DATA FOR REVIEW Start Marker
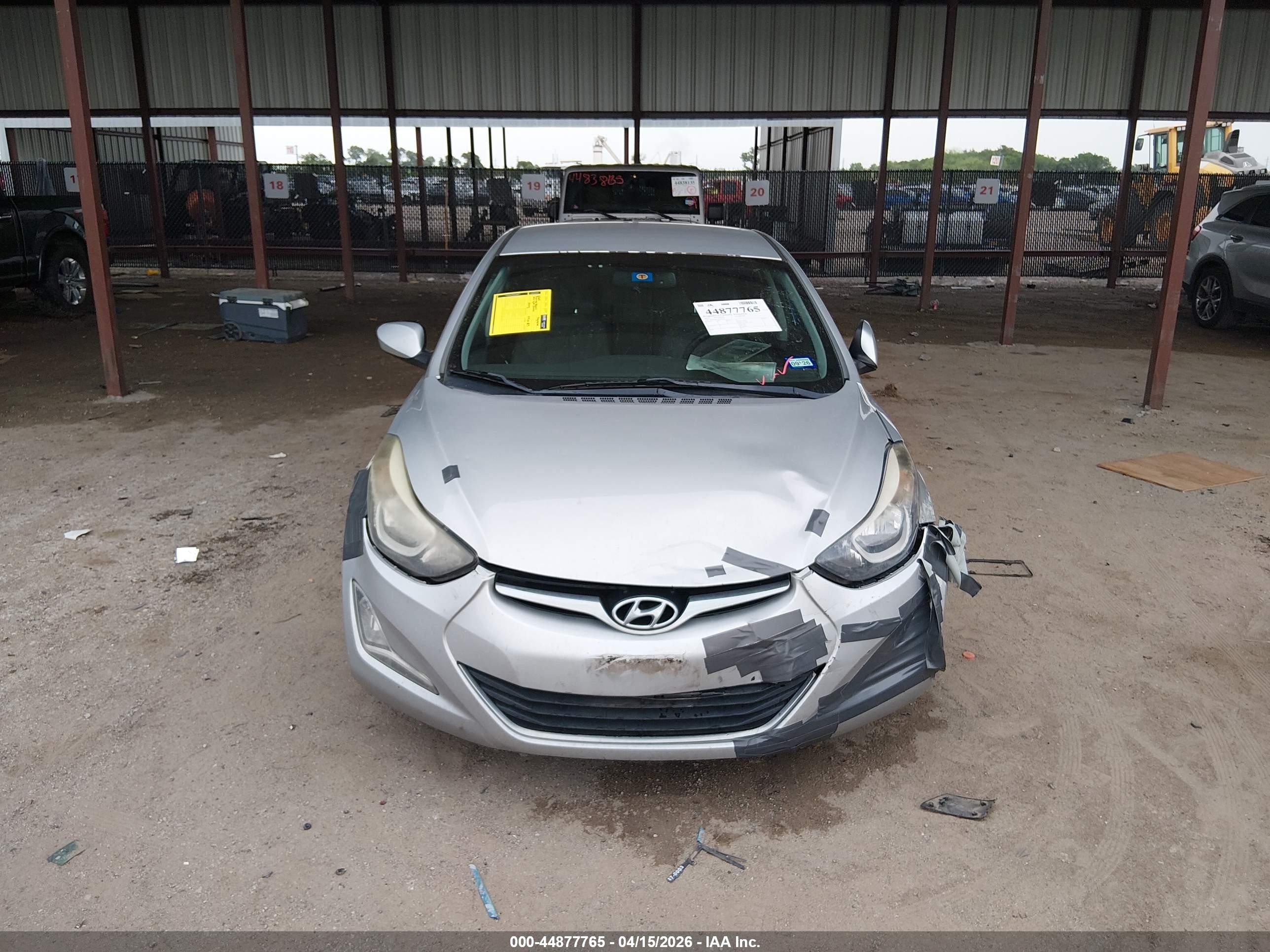 2015 Hyundai Elantra Se Silver vin: 5NPDH4AE0FH562245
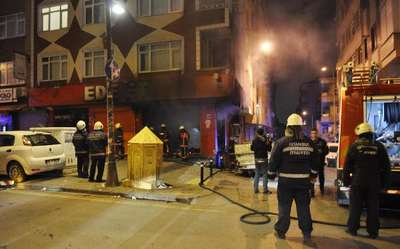 Bahçelievler'de bir işyerinde patlama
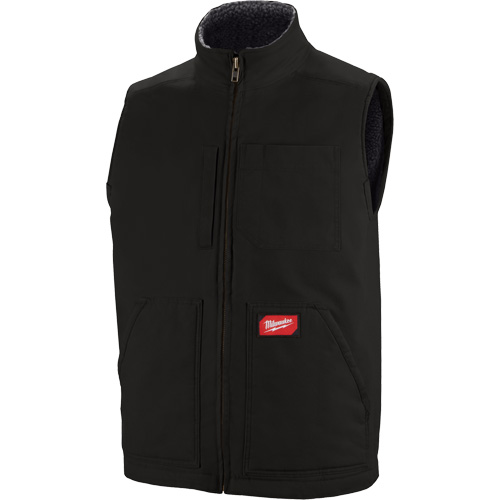 Heavy-Duty Sherpa-Lined Vest, Men's, Small, Black Distribution Jean Lapalme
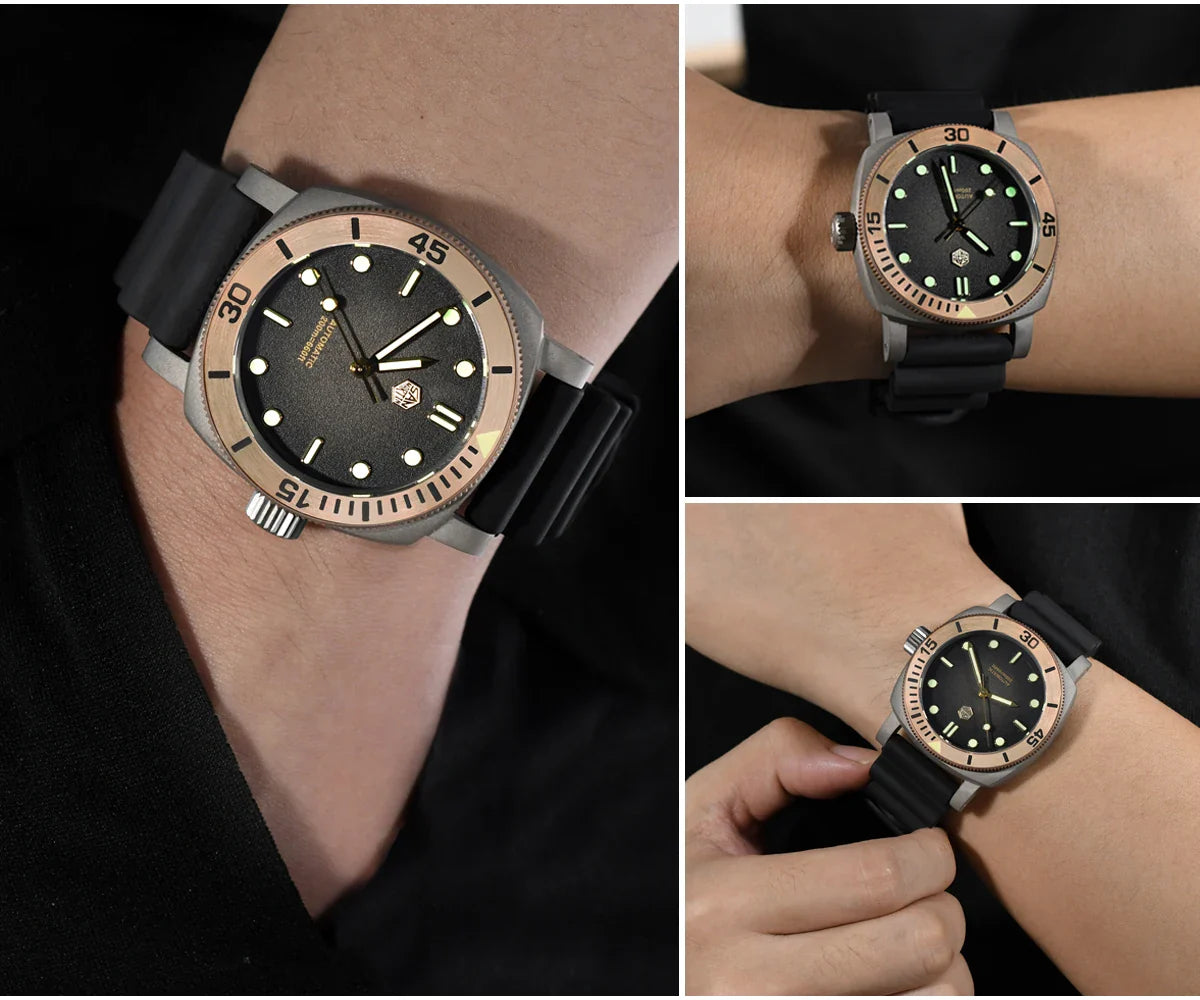 San Martin Retro Titanium Bronze Bezel Diver 200m 42mm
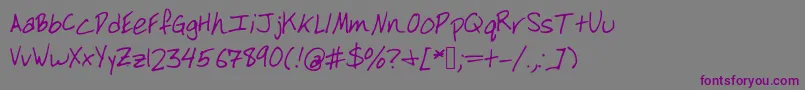 Dallas Font – Purple Fonts on Gray Background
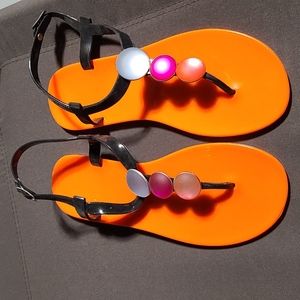 Flat summer sandals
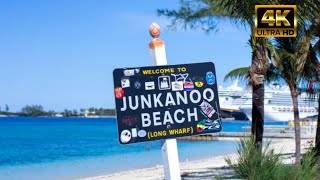 Junkanoo Beach  Nassau Bahamas  Walkthrough [upl. by Abeh]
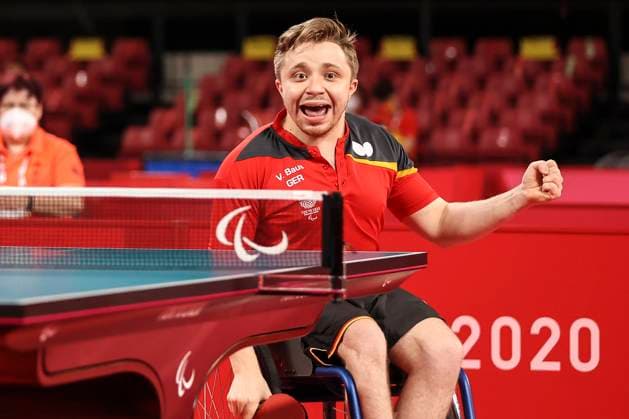Tokyo 2020 Paralympic Games Table Tennis , 28 08 21 TOKYO, JAPAN 28 08 Joy about the final Valentin Baus GER Borussia Duesseldorf on day 4 of the Tokyo 2020 Paralympic Games Table Tennis on 28 08 2021 at Tokyo Metropolitan Gymnasium in Tokyo Japan Copyright: xBEAUTIFULxSPORTS AxelxKohringx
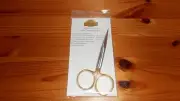 Montana Fly Fishing Company - 5" Tying Hair Scissors - Gold / Silver - NEW!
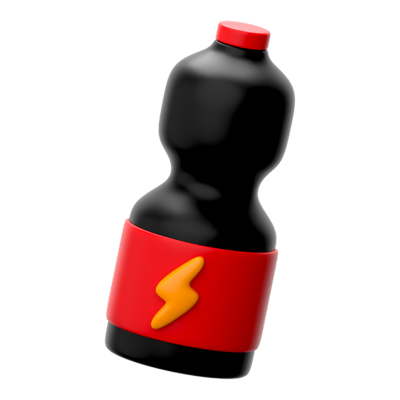 Energydrink 3D-Symbol 3D Graphic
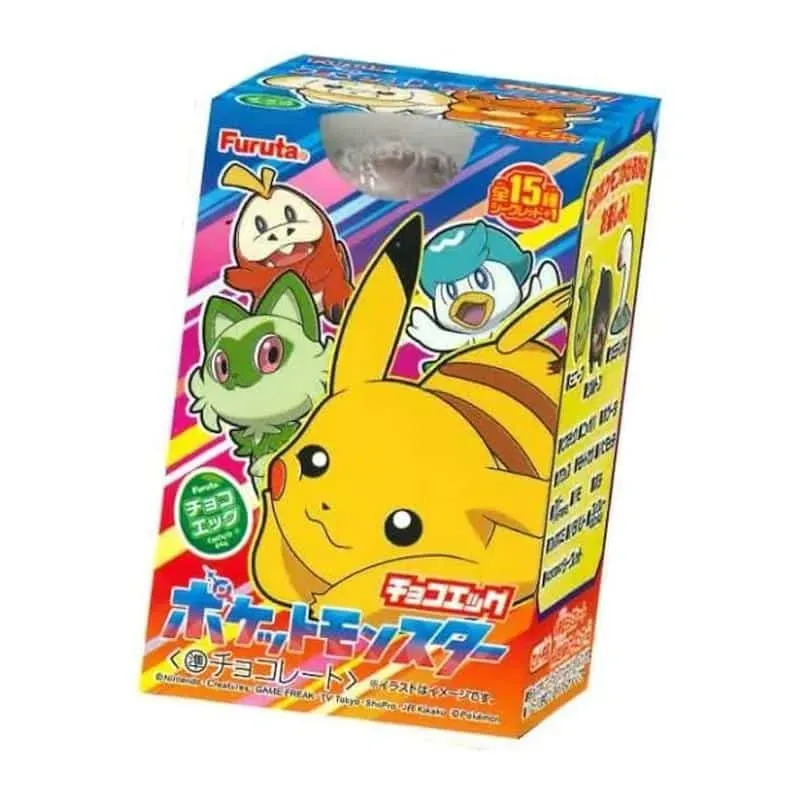 Neo Tokyo Pokémon Choco Egg Scarlet & Violet sjokoladeegg 20 g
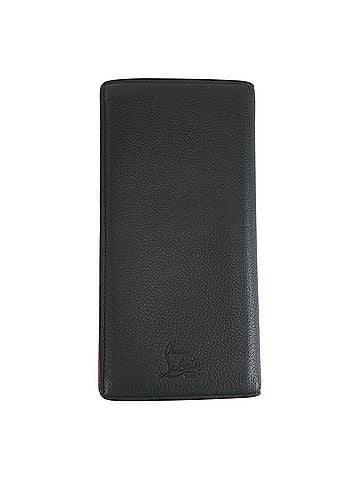 Christian Louboutin Christian Louboutin Panettone Spike Stud Long Wallet, Black and Red Leather, Men's. (view 2)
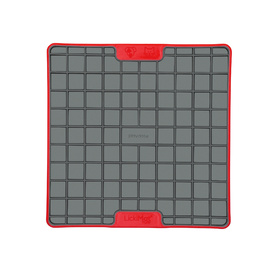 Lickimat Playdate Tuff Slow Food Licking Mat for Cats & Dogs - Red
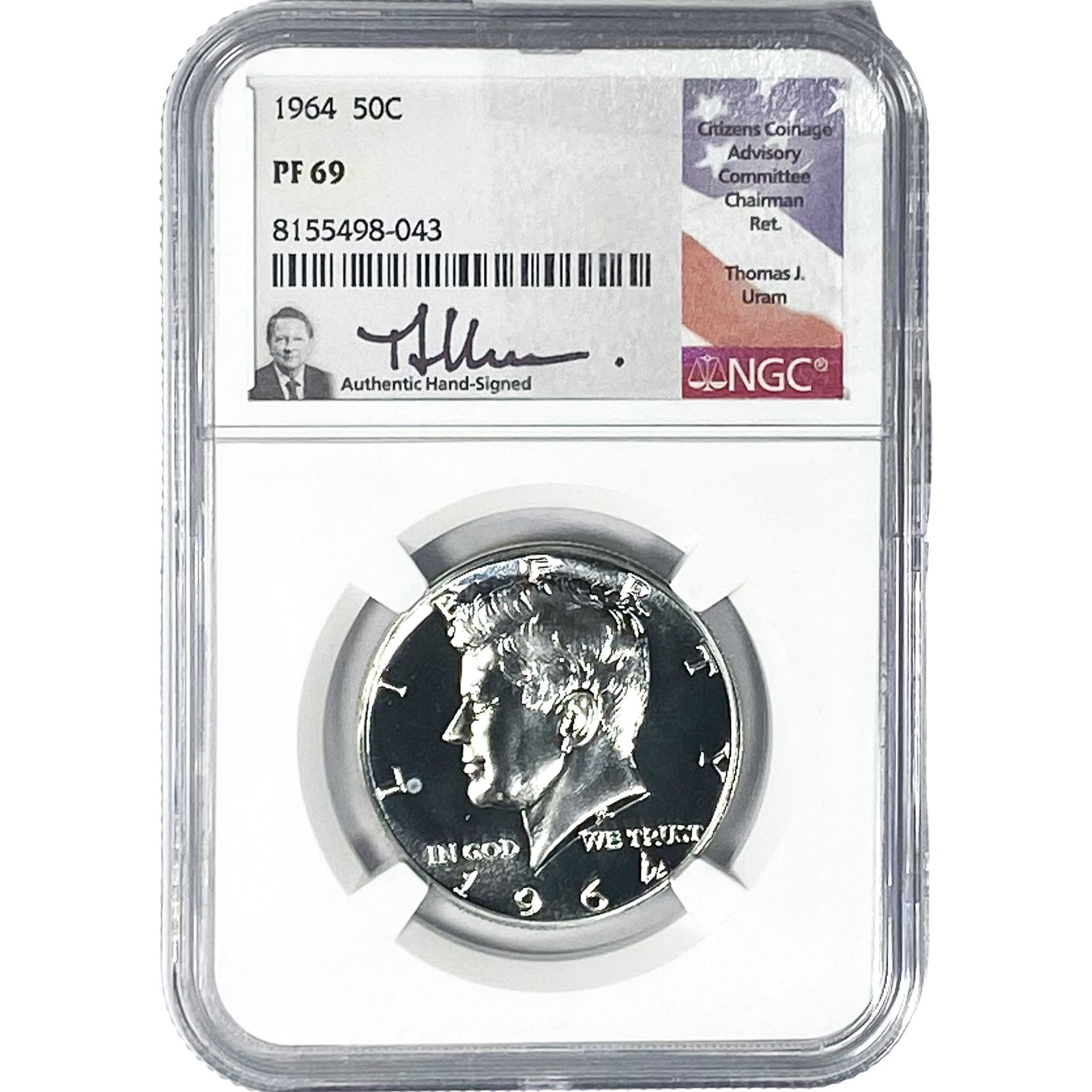 1964 Kennedy Half Dollar NGC PF69 (1 of 2)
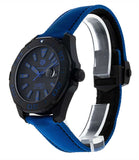 Tag Heuer Aquaracer Calibre 5 Automatic Titanium Black Dial Blue Nylon Strap Watch for Gents - WAY208B.FC6382 Authentic Buy Shop Now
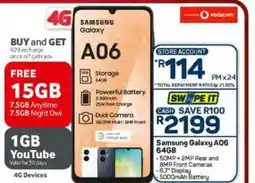 Pick n Pay Hypermarket Samsung Galaxy A06 64GB offer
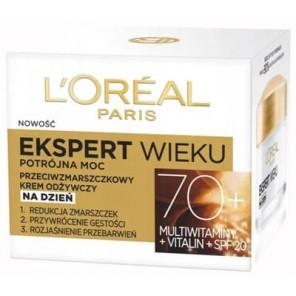 L’Oreal Paris Ekspert Wieku 70+, krem przeciwzmarszczkowy odżywczy na dzień, 50 ml - zdjęcie produktu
DATA FOR REVIEW End Marker
**WHAT NEEDS TO BE DONE:** Print every line of the listing exactly, please, and leave the images out.

**TASK SOLUTION:**
 2015 Hyundai Elantra Se Silver vin: 5NPDH4AE0FH562245
 Bahçelievler'de bir işyerinde patlama
 Heavy-Duty Sherpa-Lined Vest, Men's, Small, Black Distribution Jean Lapalme
 San Martin Retro Titanium Bronze Bezel Diver 200m 42mm
 Dallas Font – Purple Fonts on Gray Background
 Flat summer sandals
 Junkanoo Beach  Nassau Bahamas  Walkthrough [upl. by Abeh]
Tokyo 2020 Paralympic Games Table Tennis , 28 08 21 TOKYO, JAPAN 28 08 Joy about the final Valentin Baus GER Borussia Duesseldorf on day 4 of the Tokyo 2020 Paralympic Games Table Tennis on 28 08 2021 at Tokyo Metropolitan Gymnasium in Tokyo Japan Copyright: xBEAUTIFULxSPORTS AxelxKohringx
 Montana Fly Fishing Company - 5" Tying Hair Scissors - Gold / Silver - NEW!
 Energydrink 3D-Symbol 3D Graphic
 Neo Tokyo Pokémon Choco Egg Scarlet & Violet sjokoladeegg 20 g
 Christian Louboutin Christian Louboutin Panettone Spike Stud Long Wallet, Black and Red Leather, Men's. (view 2)
 Lickimat Playdate Tuff Slow Food Licking Mat for Cats & Dogs - Red
 1964 Kennedy Half Dollar NGC PF69 (1 of 2)
 Tag Heuer Aquaracer Calibre 5 Automatic Titanium Black Dial Blue Nylon Strap Watch for Gents - WAY208B.FC6382 Authentic Buy Shop Now
 Pick n Pay Hypermarket Samsung Galaxy A06 64GB offer
 L’Oreal Paris Ekspert Wieku 70+, krem przeciwzmarszczkowy odżywczy na dzień, 50 ml - zdjęcie produktu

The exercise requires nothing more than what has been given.